Looking Back


Today women make up 30% of the AICPA membership and 57% of accounting graduates. However, the role of women in the profession was not always clear. Below, in chronological order, are excerpts from three articles from JofA s of different decades about the experiences of and prospects for women in the profession. They are presented here as part of a series of articles leading up to our centennial issue in October. Can you guess when these articles originally were published? You’ll find the answers below.

Looking Back

1. “One of the questions most frequently asked of practising accountants concerns the opportunity which accountancy offers or fails to offer for women…. This magazine is frequently requested to give advice and assistance to women who have finished accounting courses and now feel themselves competent to enter the office of a public accountant as a member of the staff. The fact that most such efforts fail causes a good deal of distress and heartburning, both of which are quite justifiable. But the fact of the matter is that women are not wanted as accountants on the staff of practising public accountants…. Few accountants display a willingness to employ women on their staffs, even for the purpose of giving them the experience required under the preliminary-practice clauses of law and regulation. In a word, then, the prospects for women in the field of accountancy are not brilliant. For that kind of accounting work which is involved in comptrollerships, treasurerships and the like, women have a distinct opportunity. In many such instances their abilities and characteristics render them far more suitable than a man would be likely to be. But as to the public field, it must be admitted, with regret, that the woman who succeeds is the rare exception.”
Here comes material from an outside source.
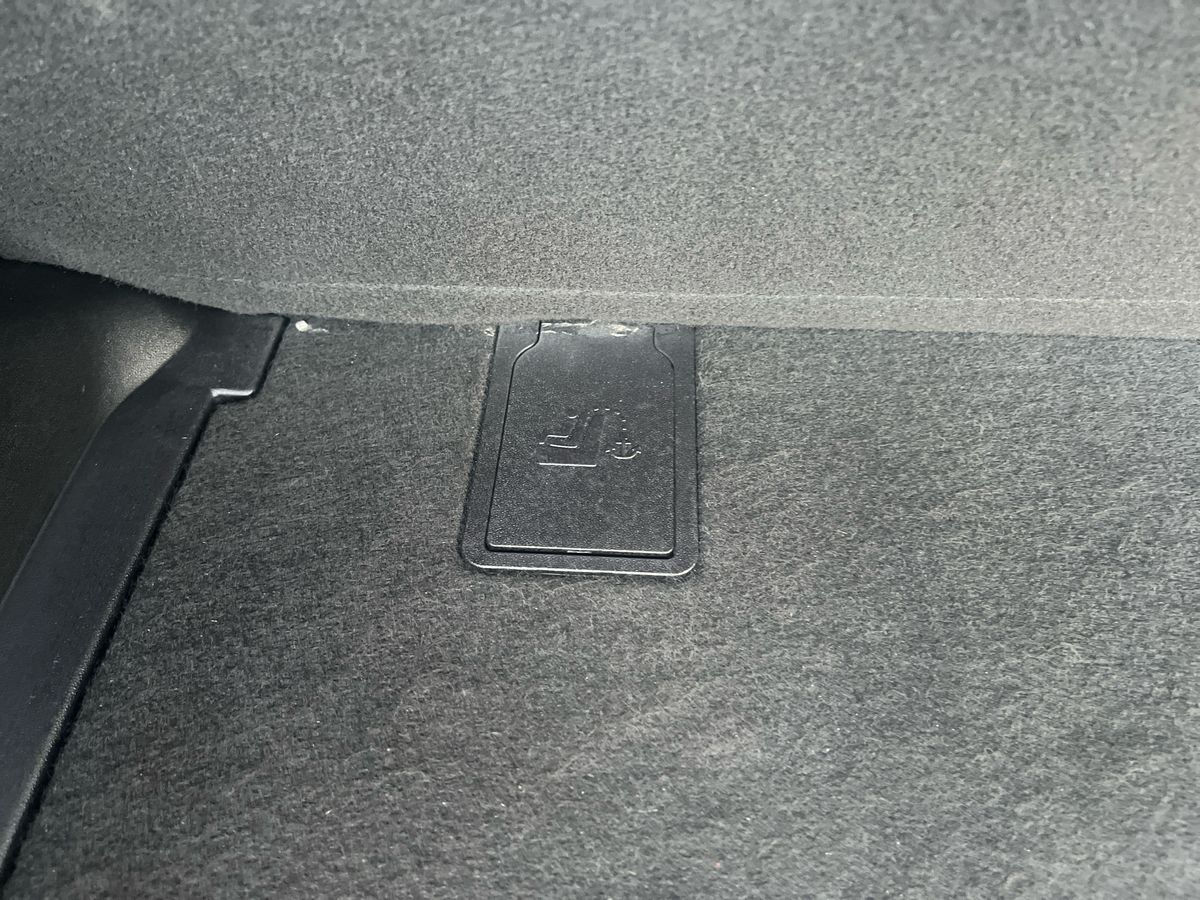 Used Kia Venga 2018 for sale - 77084828: Photo 30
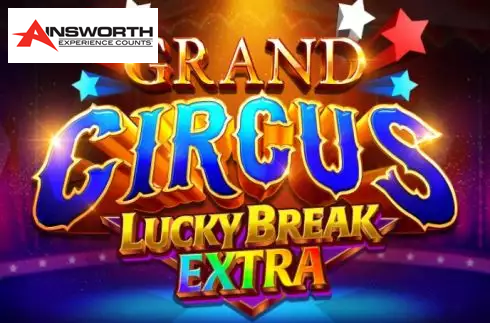 Grand Circus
2. “The numbers of women in the accounting profession have grown slowly but steadily in the past twenty years. In 1930 the female certified public accountant was sufficiently rare to be regarded as a highly newsworthy subject wherever she appeared. Today there are more than 500 women certified public accountants in the U.S. … The American Institute of Accountants [ Editor’s note: A forerunner of the AICPA ] has communicated with the deans of the principal colleges offering accounting courses to suggest that women be encouraged to major in accounting if they are interested in the field. While no promises can be made to them, there is every reason to believe that the opportunities available to them in the accounting profession will soon be much greater than those of the recent past.”

3. “Certain problems were all but universal when women CPAs were few in number. As might be expected, the first hurdle was just securing a position. More than one woman interviewing in the late 1960s and early 1970s was told, ‘We aren’t hiring any women.’… There are accepted modes of behavior in most contexts. Fifteen years ago, however, there were few, if any, behavior codes or precedents for women in accounting. Consequently, a woman had no guidelines even in such ‘simple’ situations as who carries the audit bag and when, or if, to join a group of peers for lunch or a drink…. Management-imposed travel restrictions frequently prevented women from working on some kinds of engagements. Although many women and men today may welcome some of these restrictions, at that time they handicapped women who were unable to travel with their male counterparts. Two reasons were commonly cited for these travel limitations: (1) management generally was uncomfortable with women traveling—it was a departure from ‘normal’ behavior for women; (2) management was concerned about the feelings of wives of male staff who might disapprove of women traveling with their husbands.”